Pin It

20150306 Bedah Buku Kiprah Kemenpan

JAKARTA – Hampir tiga tahun Azwar Abubakar menjadi nakhoda di Kementerian Pendayagunaan Aparatur Negara dan Reformasi Birokrasi, didampingi Eko Prasojo sebagai Wakil Menteri. Duet pemimpin ini dipandang sukses, kendati tidak memperoleh liputan besar-besatan dari media massa.

Demikian sepenggal kisah dari buku berjudul Gerakan Reformasi Birokrasi: Kiprah Kementerian Pendayagunaan Aparatur Negara dan Reformasi Birokrasi 2011-2014 yang ditulis S. Sinansari Ecip dan Edi Sudrajat yang diterbitkan oleh Kementerian PANRB.

Dalam buku tersebut, Azwar Abubakar mengibaratkan, reformasi birokrasi yang sudah digulirkan sejak era kepemimpinan Presiden Susilo Bambang Yudhoyono ini ibarat pekerjaan juru masak. “Pekerjaan juru masak di dapur tidak kelihatan dari luar,  tetapi sering tercium baunya,” ucap Azwar saat acara bedah buku di Kementerian PANRB, Jakarta, Jumat (6/3).
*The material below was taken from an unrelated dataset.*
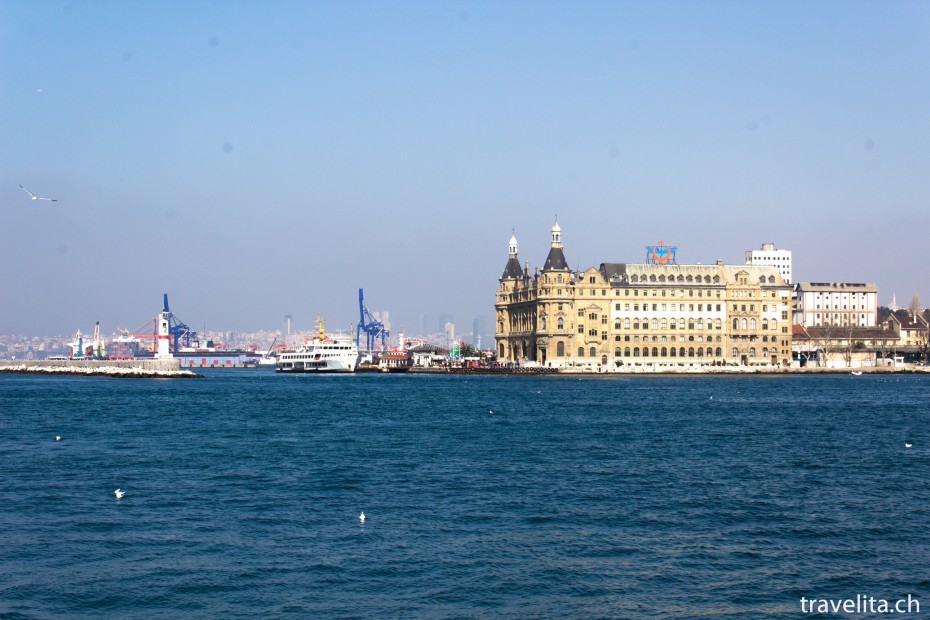 Istanbul-Haydarpasa Railway Station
Hadir sebagai sebagai pembicara, Edi Sudrajat selaku penulis dan Ketua Tim Ahli Kementerian PANRB, Indra J Piliang.

Menurut Azwar, Kementerian PANRB merupakan poros politik birokrasi memiliki lima peran penting, yaitu rekrutmen CPNS, promosi terbuka, kebijakan teknologi informasi, pengawasan dan manajemen kerja. “Saat ini yang harus kita lakukan yaitu kerja keras, ke depannya bagaimana, tinggal meminta saja sama Allah,” katanya.

Sebagai penulis, Edi Sudrajat menceritakan pengalamannya bagaimana memperoleh data mengenai kinerja aparatur sipil di Kementerian PANRB. Menurutnya, kepemimpinan Azwar Abubakar memiliki banyak seni. “Pemimpin itu musti punya banyak seni. Pak Azwar banyak seninya termasuk seni menghafali nama-nama presidennya sendiri, berani melobi Pak Gamawan (mantan Menteri Dalam Negeri, Gamawan Fauzi) untuk melakukan seleksi terbuka, dan tiga kali tepuk tangan dalam rapat kabinet,” kata Edi.

Dia mengatakan, saat menulis ada banyak rintangannya. Salah satunya yaitu saat ingin wawancara Azwar Abubakar. Saat itu dia ingin meminta pendapat mengenai isi buku yang ditulisnya. Waktu itu ketemu Pak Azwar juga sangat susah, dan harus menunggu 3 jam. “Betul pak Azwar keluar, tapi katanya belum baca. Ya sudah tidak jadi wawancara. Jadi penulis itu harus kesusahan dulu, harus menderita dulu agar yang baca senang dan harus berdarah-darah supaya yang membaca bisa senyum,” katanya.

Menurutnya, tidak ada yang baru mengenai cerita dari Kementerian PANRB yang ditulisnya tersebut. Namun, dia mengaku sangat terkesan dengan metafora yang diberikan Pak Azwar, seni kepemimpinannya dan integritasnya.

“Waktu itu saat seleksi CPNS menggunakan CAT, ada beberapa orang yang melobi Pak Azwar meminta untuk diundur. Katanya jika bisa diundur maka dia akan ditawari uang yang banyak sekali,” ujarnya.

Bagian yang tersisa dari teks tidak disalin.